Unfortunately, all 27 fluids NIST identified as the best from a performance viewpoint are at least slightly flammable, which is not allowed under U.S. safety codes for most end uses. Several fluids among the list of refrigerants are highly flammable, including propane, the fuel for outdoor grills.

Researchers at the National Institute of Standards and Technology (NIST) have just completed a multiyear study to identify the “best” candidates for future use as air conditioning refrigerants that will have the lowest impact on the climate.

Unfortunately, all 27 fluids NIST identified as the best from a performance viewpoint are at least slightly flammable, which is not allowed under U.S. safety codes for most end uses.

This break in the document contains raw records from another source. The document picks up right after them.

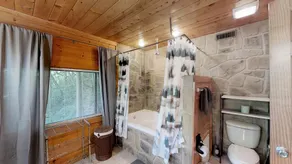 Creeksong Hollow 2 Bedroom Cabin by RedAwning - Image 3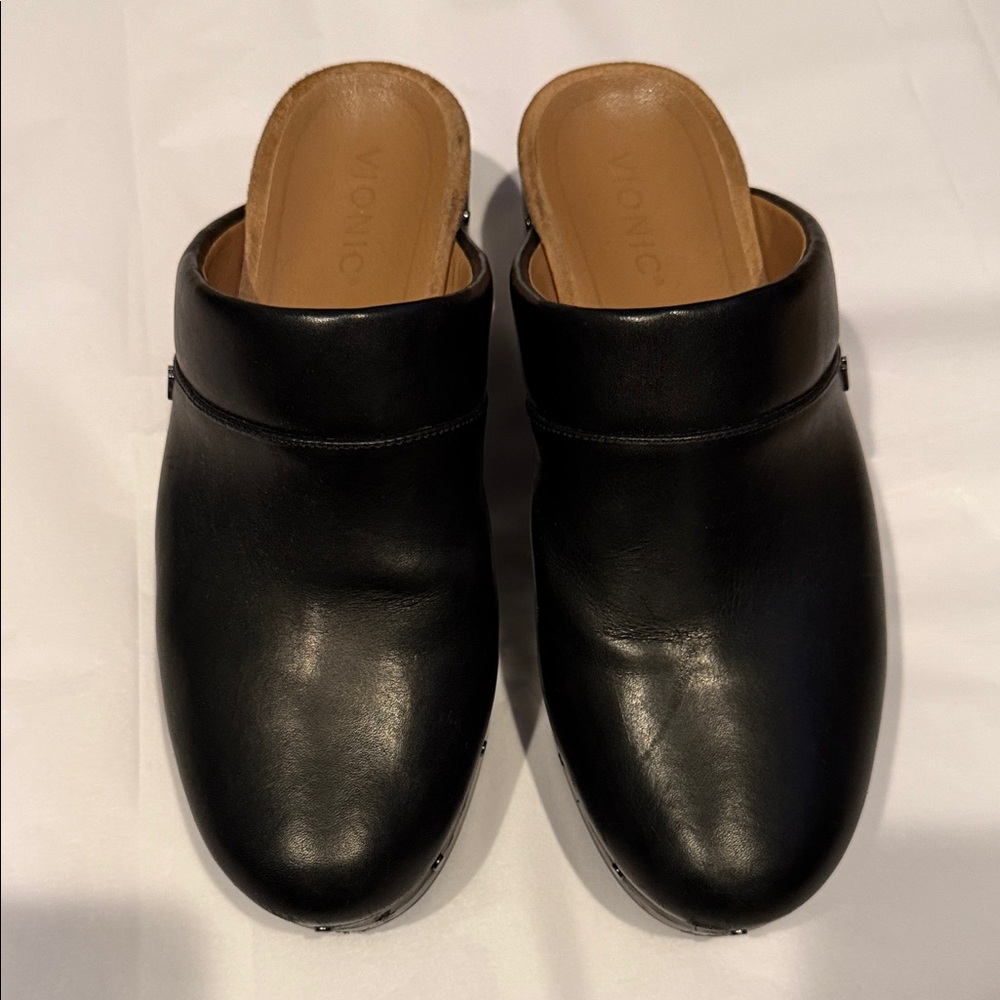 Vionic Women's Classic Black Mules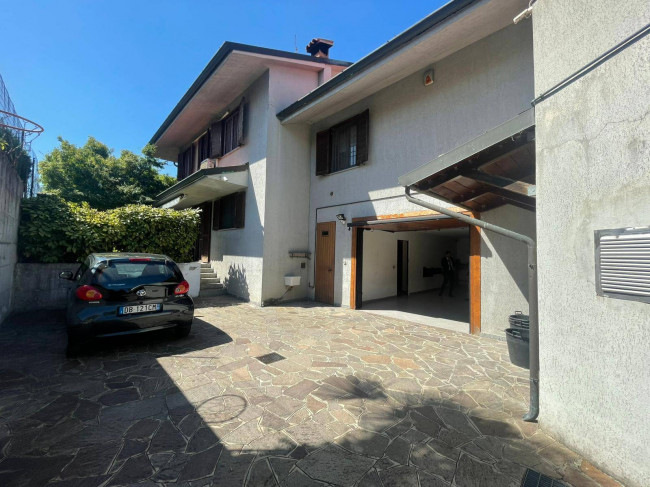 Villa in Vendita a Peschiera Borromeo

Several fluids among the list of refrigerants are highly flammable, including propane, the fuel for outdoor grills.

In other words, the NIST study found no ideal refrigerant that combined low “global warming potential” (GWP)—a measure of how much heat a gas will trap if released into the atmosphere— with other desirable performance and safety features such as being both nonflammable and nontoxic. The results appear in Nature Communications.

“The takeaway is there is no perfect, easy replacement for current refrigerants,” NIST chemical engineer Mark McLinden said. “Going into the study, we thought surely there has to be something else. Turns out, not so much. So it was a bit surprising, a bit disappointing.”